Erstellt von Bodo am 13. Juni 2007 – 14:25 -

Hallo,

ich möchte auch mal wieder schreiben.

Also mit dem Klimagedicht, ich verdiene mein Geld als Laborant mit der Klimaforschung, aber ich finde die deutsche Auffassung etwas hysterisch. Das kleine Deutschland hat sich vorgenommen das Weltklima zu retten … finde ich etwas übertrieben und anmaßend.

Außerdem:
a) Das Klima war noch nie konstant, hat sich immer schon geändert (Eiszeiten, Warmzeiten, usw. immer wieder zyklische Schwankungen).
b) Geologische staatliche Institute haben immer Geldmangel, und mit Klimaforschung gibt es Geld aus diversen staatlichen Töpfen … (plus Renomée für die publizierenden Wissenschaftler) … entsprechend inflationär werden dann aber auch die Klimawarnungen produziert.

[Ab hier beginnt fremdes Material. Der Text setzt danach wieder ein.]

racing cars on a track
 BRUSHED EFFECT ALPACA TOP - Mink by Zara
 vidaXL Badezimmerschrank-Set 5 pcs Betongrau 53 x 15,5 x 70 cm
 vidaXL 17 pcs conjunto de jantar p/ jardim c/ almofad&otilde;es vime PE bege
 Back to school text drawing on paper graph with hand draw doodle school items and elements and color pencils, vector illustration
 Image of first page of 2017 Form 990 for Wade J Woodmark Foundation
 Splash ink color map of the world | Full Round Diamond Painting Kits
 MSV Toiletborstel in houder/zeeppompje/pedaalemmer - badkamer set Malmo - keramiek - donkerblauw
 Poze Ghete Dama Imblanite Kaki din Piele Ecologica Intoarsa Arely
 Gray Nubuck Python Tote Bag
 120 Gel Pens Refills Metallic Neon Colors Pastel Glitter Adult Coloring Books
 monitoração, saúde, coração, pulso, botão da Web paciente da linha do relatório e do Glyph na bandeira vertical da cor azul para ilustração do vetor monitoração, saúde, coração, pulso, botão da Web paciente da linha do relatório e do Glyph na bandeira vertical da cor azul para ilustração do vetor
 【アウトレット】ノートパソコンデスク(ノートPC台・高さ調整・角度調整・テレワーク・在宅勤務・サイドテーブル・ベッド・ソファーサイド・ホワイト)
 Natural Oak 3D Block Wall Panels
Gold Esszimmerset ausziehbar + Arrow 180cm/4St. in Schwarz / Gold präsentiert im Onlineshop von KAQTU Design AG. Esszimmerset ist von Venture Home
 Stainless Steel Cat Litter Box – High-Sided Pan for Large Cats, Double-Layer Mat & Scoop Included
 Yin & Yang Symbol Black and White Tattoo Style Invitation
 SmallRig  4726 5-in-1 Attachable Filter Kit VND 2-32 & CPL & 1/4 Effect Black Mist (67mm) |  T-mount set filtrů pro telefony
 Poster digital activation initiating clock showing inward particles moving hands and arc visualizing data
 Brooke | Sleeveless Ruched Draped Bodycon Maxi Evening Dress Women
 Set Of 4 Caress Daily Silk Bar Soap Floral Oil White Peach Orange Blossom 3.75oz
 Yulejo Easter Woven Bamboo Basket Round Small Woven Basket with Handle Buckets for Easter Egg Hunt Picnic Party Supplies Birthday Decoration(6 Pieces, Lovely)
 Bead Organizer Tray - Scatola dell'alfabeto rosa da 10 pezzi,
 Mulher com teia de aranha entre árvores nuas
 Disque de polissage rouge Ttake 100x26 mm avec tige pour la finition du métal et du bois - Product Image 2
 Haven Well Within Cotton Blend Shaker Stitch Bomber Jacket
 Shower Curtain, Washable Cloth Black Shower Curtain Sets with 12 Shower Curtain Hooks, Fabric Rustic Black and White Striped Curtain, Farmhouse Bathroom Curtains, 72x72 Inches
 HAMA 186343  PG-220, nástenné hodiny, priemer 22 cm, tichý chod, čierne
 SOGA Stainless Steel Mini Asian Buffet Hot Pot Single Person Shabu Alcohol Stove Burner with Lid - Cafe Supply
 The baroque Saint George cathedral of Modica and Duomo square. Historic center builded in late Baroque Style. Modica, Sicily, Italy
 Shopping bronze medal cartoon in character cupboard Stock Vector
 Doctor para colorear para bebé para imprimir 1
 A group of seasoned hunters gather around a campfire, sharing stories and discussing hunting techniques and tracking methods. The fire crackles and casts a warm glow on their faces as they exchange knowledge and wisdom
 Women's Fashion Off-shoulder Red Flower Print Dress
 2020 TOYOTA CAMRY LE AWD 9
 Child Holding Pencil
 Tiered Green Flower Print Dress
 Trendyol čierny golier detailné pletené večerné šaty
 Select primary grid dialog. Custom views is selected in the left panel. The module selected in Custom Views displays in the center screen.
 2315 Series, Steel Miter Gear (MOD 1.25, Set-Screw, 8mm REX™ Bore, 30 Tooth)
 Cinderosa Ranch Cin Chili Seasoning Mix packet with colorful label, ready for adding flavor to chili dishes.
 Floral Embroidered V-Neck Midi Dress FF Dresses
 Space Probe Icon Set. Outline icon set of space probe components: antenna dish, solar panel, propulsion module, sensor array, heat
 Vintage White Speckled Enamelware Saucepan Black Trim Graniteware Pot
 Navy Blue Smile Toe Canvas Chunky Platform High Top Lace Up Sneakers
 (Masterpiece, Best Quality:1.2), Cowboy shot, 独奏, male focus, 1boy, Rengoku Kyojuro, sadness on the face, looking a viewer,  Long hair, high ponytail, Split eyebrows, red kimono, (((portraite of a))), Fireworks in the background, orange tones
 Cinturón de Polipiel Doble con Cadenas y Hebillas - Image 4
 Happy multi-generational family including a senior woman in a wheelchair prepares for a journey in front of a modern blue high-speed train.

Nun ja und mit den Medikamenten, ich finde die Nebenwirkungen sind kaum weniger schlimm, als die Krankheit, die sie bekämpfen sollen …
Mein Kompromiss ist der: sowenig wie möglich und soviel wie nötig, damit kann ich mein Gewicht stabilisieren und im Gegensatz zu der Alles-oder-Nichts-Lösung, sind die Chancen stabil gesund zu bleiben doch größer (als die Nichts-Lösung).

Weil bestimmte Gruppierungen die Krankheit Psychose für scheinbar aufgeklärt halten, möchte ich mal darauf hinweisen, dass immer noch sehr viel geforscht wird und die Forschung teilweise ganz ungewöhnliche Gedankengänge entwickelt: So wird in einem Artikel der Welt vom 10.03.07 von Forschungen berichtet, bei denen 13 verschiedene Krankheitserreger im Verdacht stehen Schizophrenie auszulösen, wer will kann unter diesem Link nachlesen: www.welt.de/wissenschaft

Natürlich ist die praktische Anwendung für Betroffene vorerst nicht so groß, aber immerhin bemühen sich Forscher mal neue Ursachen in Betracht zu ziehen.